Handling invalid data values #93

sumps · 2015-10-11T19:16:38Z

How should we handle invalid data values in the SK spec? Two examples are;

Depth value when the depth has been lost i.e. turbulence hàs caused the depth unit to lose the bottom reading, a depth sounder normally flashes the last reading.
GPS unit temporarily loses position and as a result all readings; position, COG, SOG etc. are not valid.

tkurki · 2015-10-11T19:57:44Z

So the information we need to convey is that a sensor says "I'm operational & connected & ok, but I am unable to function for some reason" so it is not just the absence of data / updates.

Several options:

send a delta without the value field or have a missing value field in the full tree. Both make normally required fields optional, making validation problematic
replace value property with a special marker property like dataMissing: true, making either mandatory. Clearly marks missing values instead of just omitting them.

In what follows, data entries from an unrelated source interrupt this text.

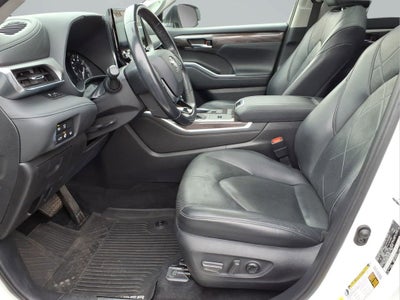 2020 Toyota Highlander Platinum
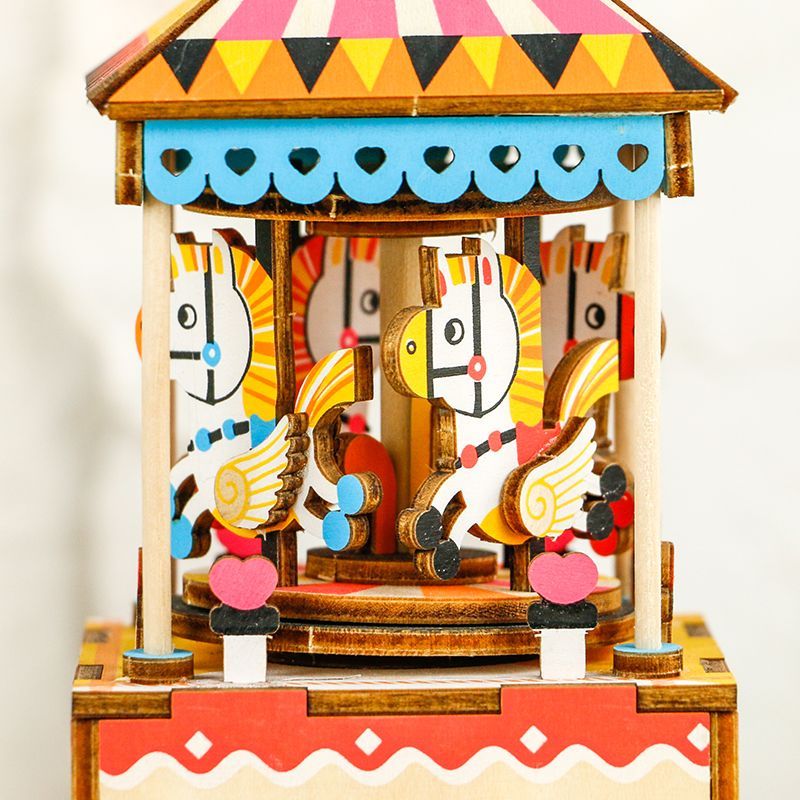 Robotime - DIY Music Box - Merry-Go-Round (DIY-Spieluhr 7.3 x 8 x-/bilder/big/AM304_04.jpg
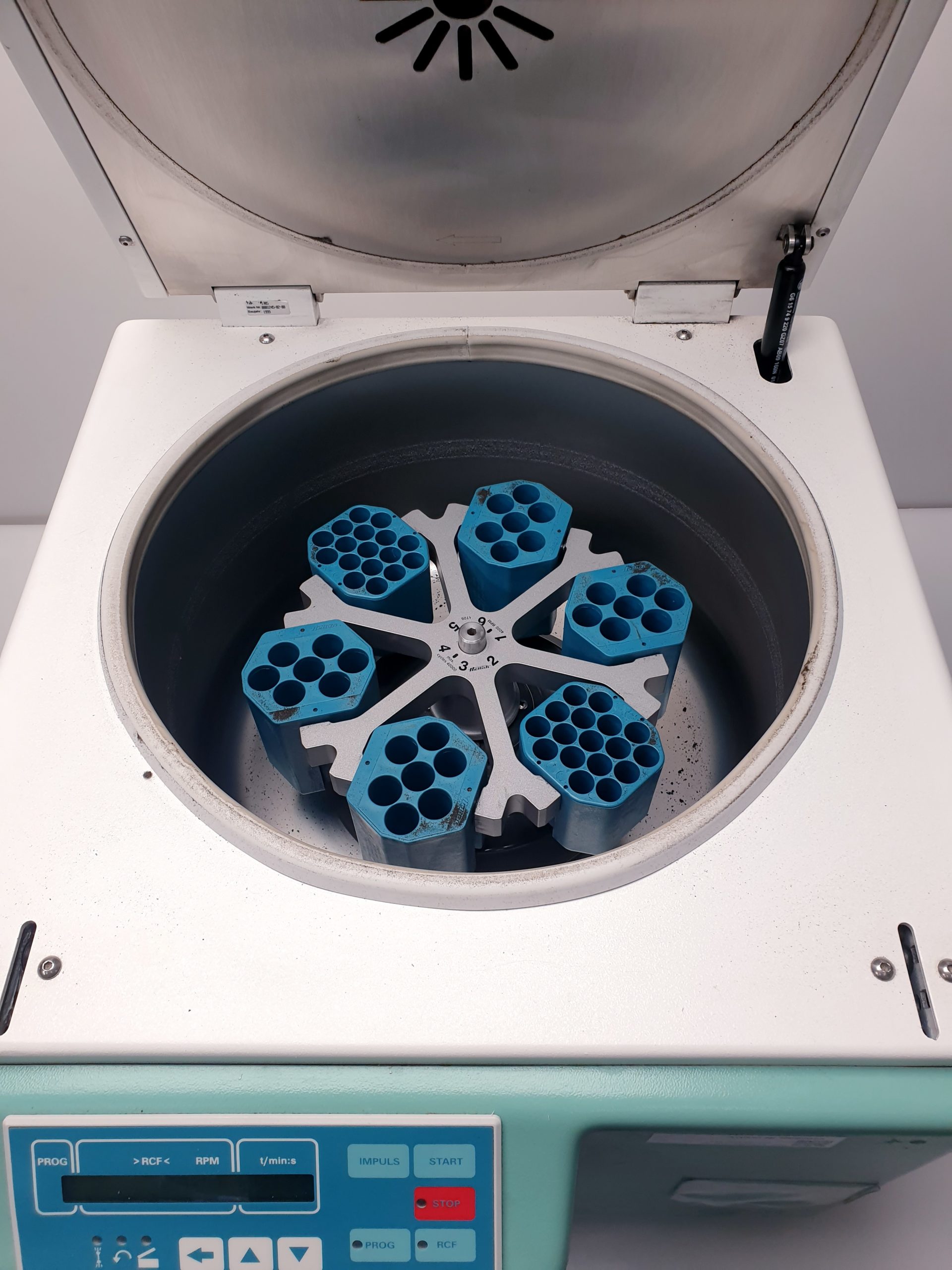 Hettich Rotina 35 Typ. 1705 Zentrifuge – Bild 7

sumps · 2015-10-12T07:30:36Z

I think having a special marker property like dataValid: false, would be a good solution and suitable for most sensor data. Depth and GPS are the obvious ones and we should start with these ones but we might need to add this for other sensors if we find that they have a valid flag or some other way of indicating data invalid.

rob42 · 2015-11-21T21:13:33Z

Hmm, this brings up other issues - how does a sensor communicate its condition via signalk. Looking at the simple cases:

ok
ok, but invalid data
failed, but alive
dead

Well 4) is easy - its just gone, so nothing, no comms etc.

Since this is most common, we can take the position its all ok unless notified otherwise.
For each data key we currently have value, timestamp, source. We could add an optional state key, that is sent to provide for case 2) .
The source tree should have some way to register device failed for case 3) above. Maybe a state there too?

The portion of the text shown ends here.